_PROBLEM REQUIREMENTS_. Starting with the line with "Nahnevaný manažér Schalke Jochen" in the entries below and going on through the line with "Used 2019 Chevrolet", output every line exactly and nothing more. No pictures.

*** MATERIAL PROVIDED ***

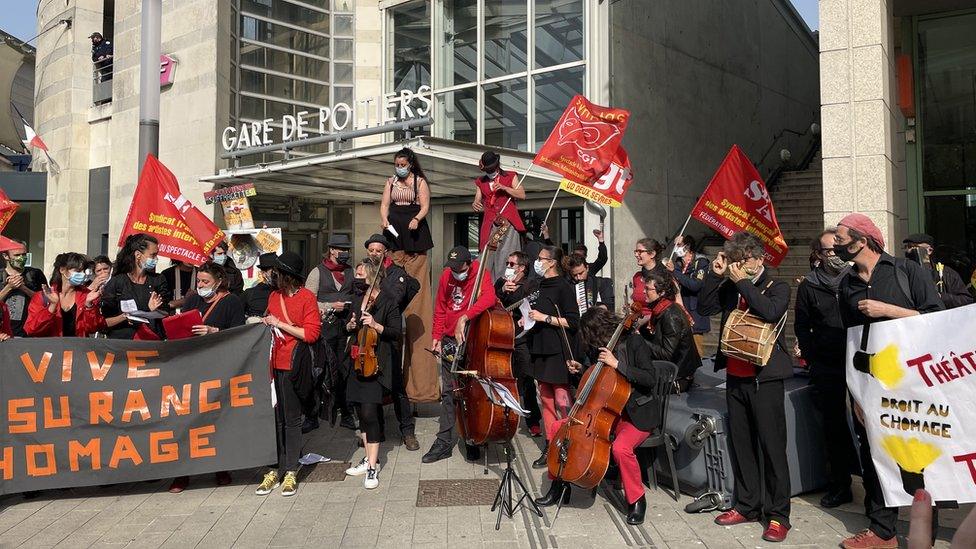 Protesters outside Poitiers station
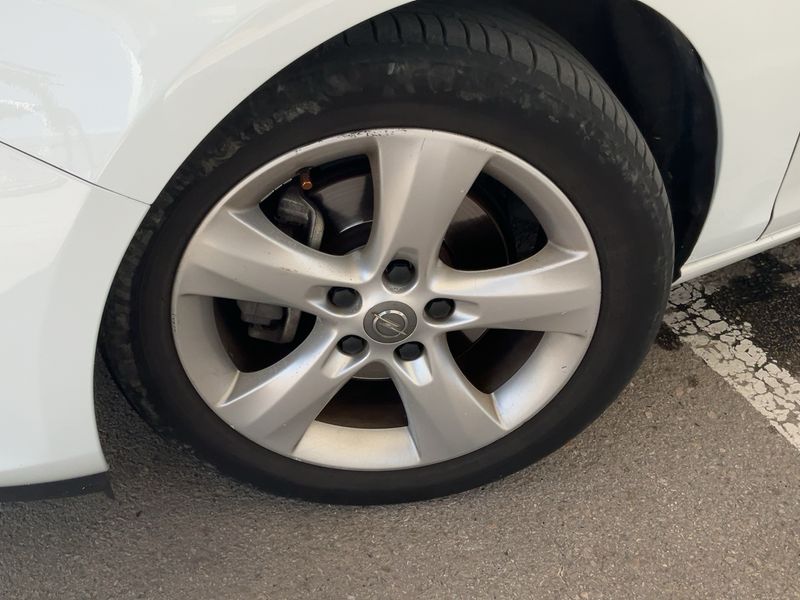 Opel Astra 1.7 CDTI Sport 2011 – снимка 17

*** End of MATERIAL PROVIDED ***
*** MATERIAL PROVIDED ***

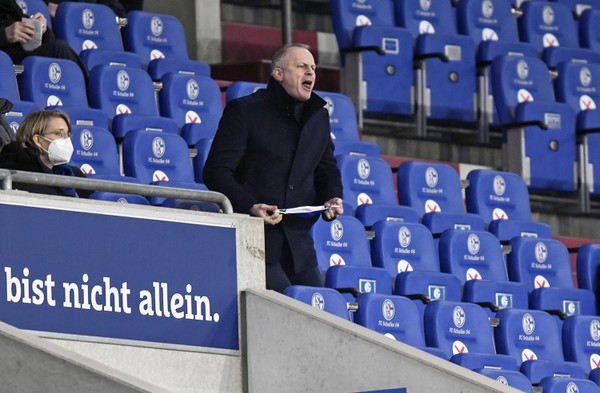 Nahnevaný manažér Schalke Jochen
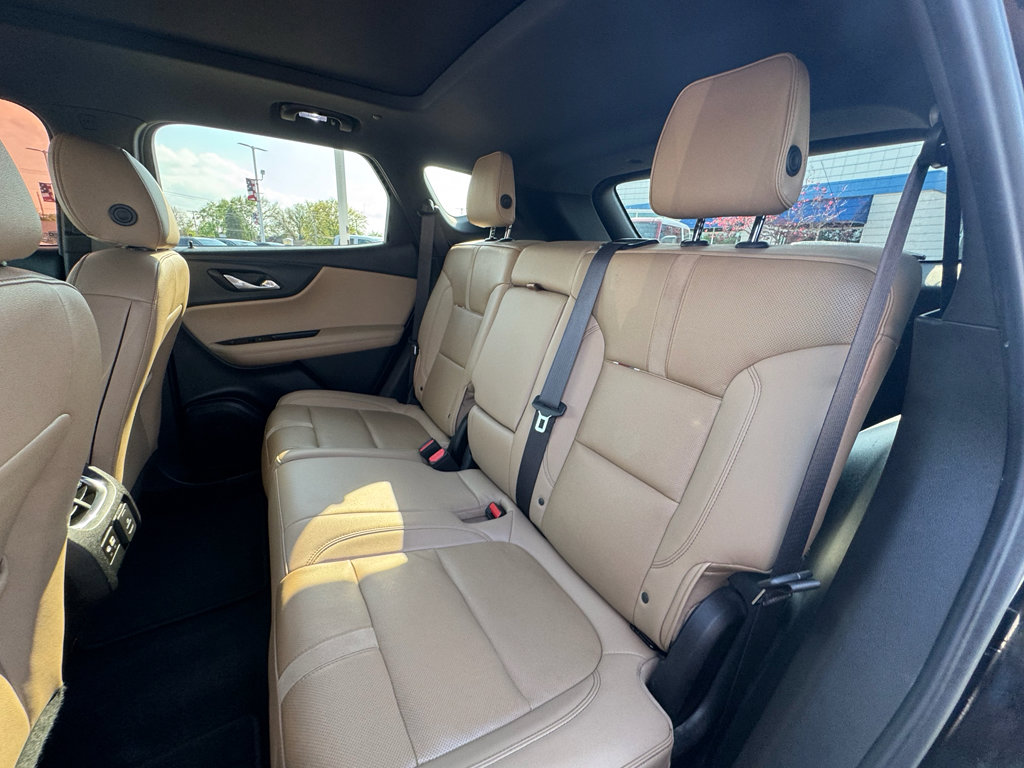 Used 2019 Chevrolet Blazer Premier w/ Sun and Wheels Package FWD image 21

*** End of MATERIAL PROVIDED ***

_OUTPUT OF THE EXERCISE_.
 Nahnevaný manažér Schalke Jochen
 Used 2019 Chevrolet Blazer Premier w/ Sun and Wheels Package FWD image 21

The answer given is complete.